Le Secrétaire à la Défense, Robert Gates, doit se rendre à Delhi dans les jours qui viennent. L’administration d’Obama adopterait une attitude de plus en plus accommodante vis-à-vis de longue quête de l’Inde pour une technologie américaine « à double usage ». Si c’est le cas, une avenue royale de coopération militaire est sur le point de s’ouvrir entre les deux pays, qui fera de l’Inde un challenger sérieux aux prouesses militaires croissantes de la Chine. C’est une situation gagnant-gagnant, alors que le grand bazar indien de l’armement offre un business extrêmement lucratif aux entreprises américaines.

Il est clair qu’une alliance intime US-indo-israélienne constitue le fondement de toutes les manœuvres qui se déroulent. Cela aura une importance pour la sécurité de l’Océan Indien, du Golfe Persique et de la Péninsule Arabique. L’année dernière, l’Inde a officialisé sa présence navale à Oman.

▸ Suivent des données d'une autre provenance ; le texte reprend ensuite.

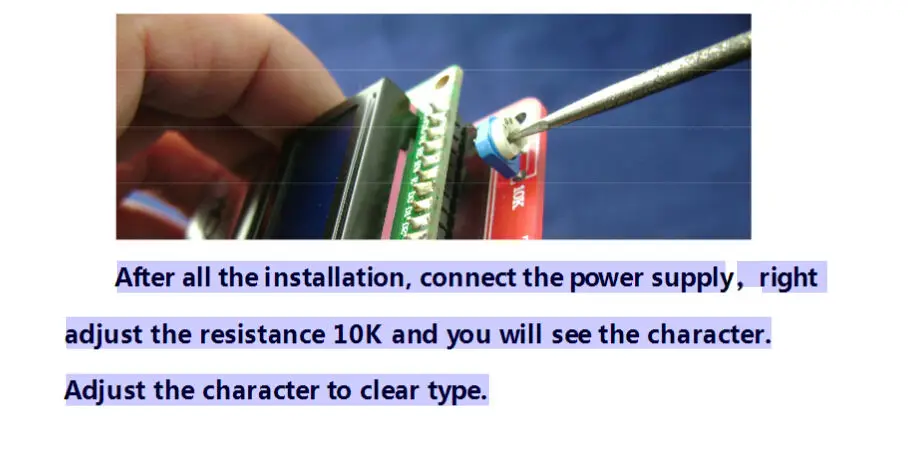 DIY наборы AVR V2.0 DDS функция генератор сигналов модуль цифровой
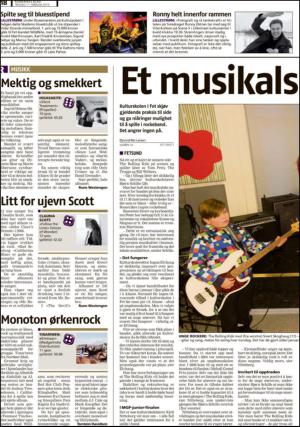 romerikesblad_nedre_seksjon-20140211_000_00_00_018.pdf
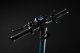 So-Flow SO4 Pro #5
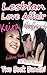 Lesbian Love Affair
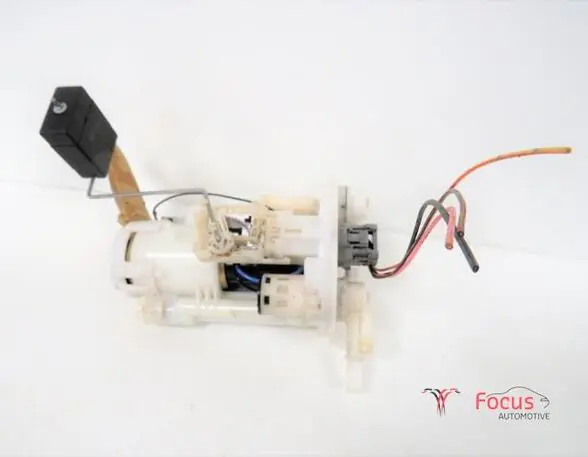 Brandstofpomp SUZUKI ALTO (FF) Shop Nu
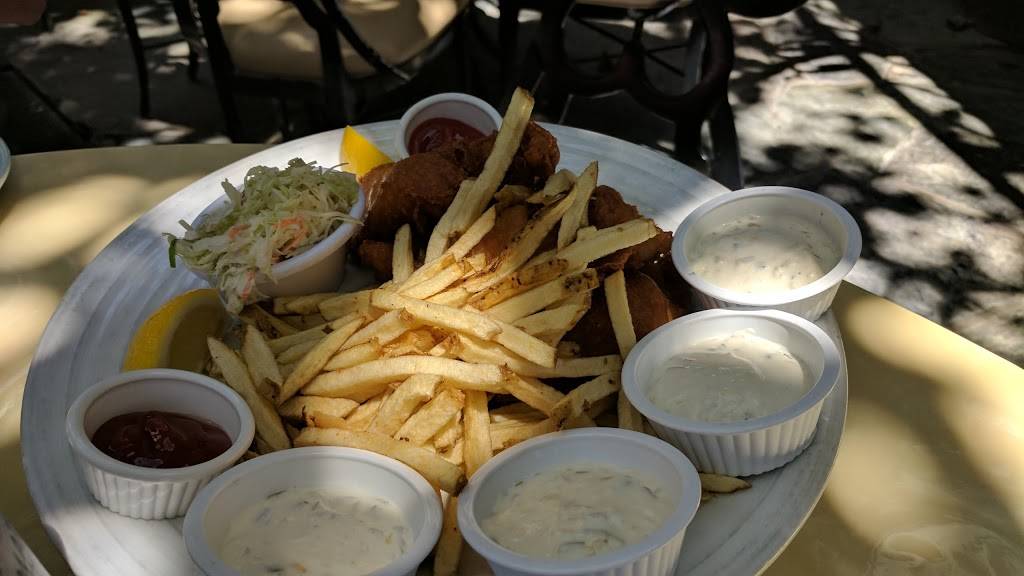 Muldoons Irish Pub | restaurant | 202 Newport Center Dr, Newport Beach, CA 92660, USA | 9496404110 OR +1 949-640-4110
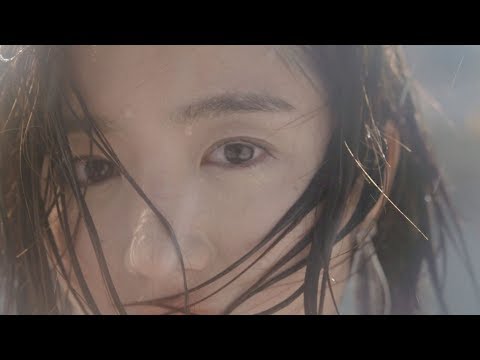 杏沙子‐ファーストフライト(Full Ver.)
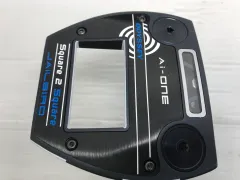 2025年最新】odyssey ai-one square 2 square jailbirdの人気アイテム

Somme toute, les experts en terrorisme se perdent dans les détails lorsqu’ils analysent l’incursion des Etats-Unis au Yémen, en se limitant à la traque d’al-Qaïda. La dure réalité est qu’Obama, dont l’argument principal était « le changement », a pris du gîte et tient de moins en moins ses promesses en se dirigeant vers les stratégies mondiales de l’ère Bush. La fraîcheur de la magie d’Obama se dissipe. Des traces de « révisionnisme » dans l’orientation de sa politique étrangère commencent à faire surface. On peut déjà les percevoir en ce qui concerne l’Iran, l’Afghanistan, le Moyen-Orient et le problème israélo-palestinien, ainsi que l’Asie Centrale et vis-à-vis de la Chine et de la Russie.

Sans doute, cette sorte de “retour aux sources” par Obama était-il inévitable. Premièrement, il n’est que la créature de ses circonstances. Comme quelqu’un l’a brillamment formulé, la présidence d’Obama est comme conduire un train plutôt qu’une automobile : un train ne peut pas « choisir sa route », son conducteur peut au mieux ajuster sa vitesse, mais, au bout du compte, il doit rester sur les rails.

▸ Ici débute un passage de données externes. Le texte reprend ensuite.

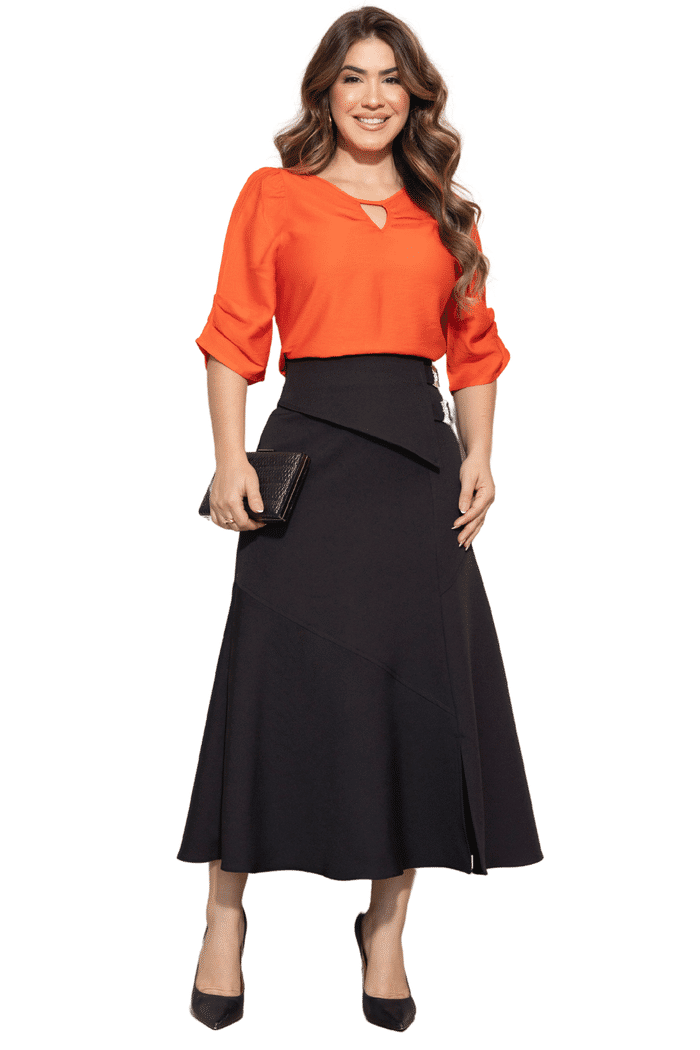 Blusas terra 2019 shop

D’autre part, l’histoire ne donne pas d’exemples d’une puissance mondiale déclinante qui accepte docilement son destin et qui marche vers le crépuscule. Les Etats-Unis ne peuvent pas renoncer à leur domination mondiale sans combattre. Et la réalité de telles luttes capitales est qu’elles ne peuvent pas être livrées par à-coups. On ne peut pas combattre la Chine sans occuper le Yémen.

L’Ambassadeur M K Bhadrakumar a servi en tant que diplomate de carrière dans les services extérieurs indiens pendant plus de 29 ans. Parmi ses affectations : l’Union Sovétique, la Corée du Sud, le Sri Lanka, l’Allemagne, l’Afghanistan, le Pakistan, l’Ouzbékistan, le Koweït et la Turquie.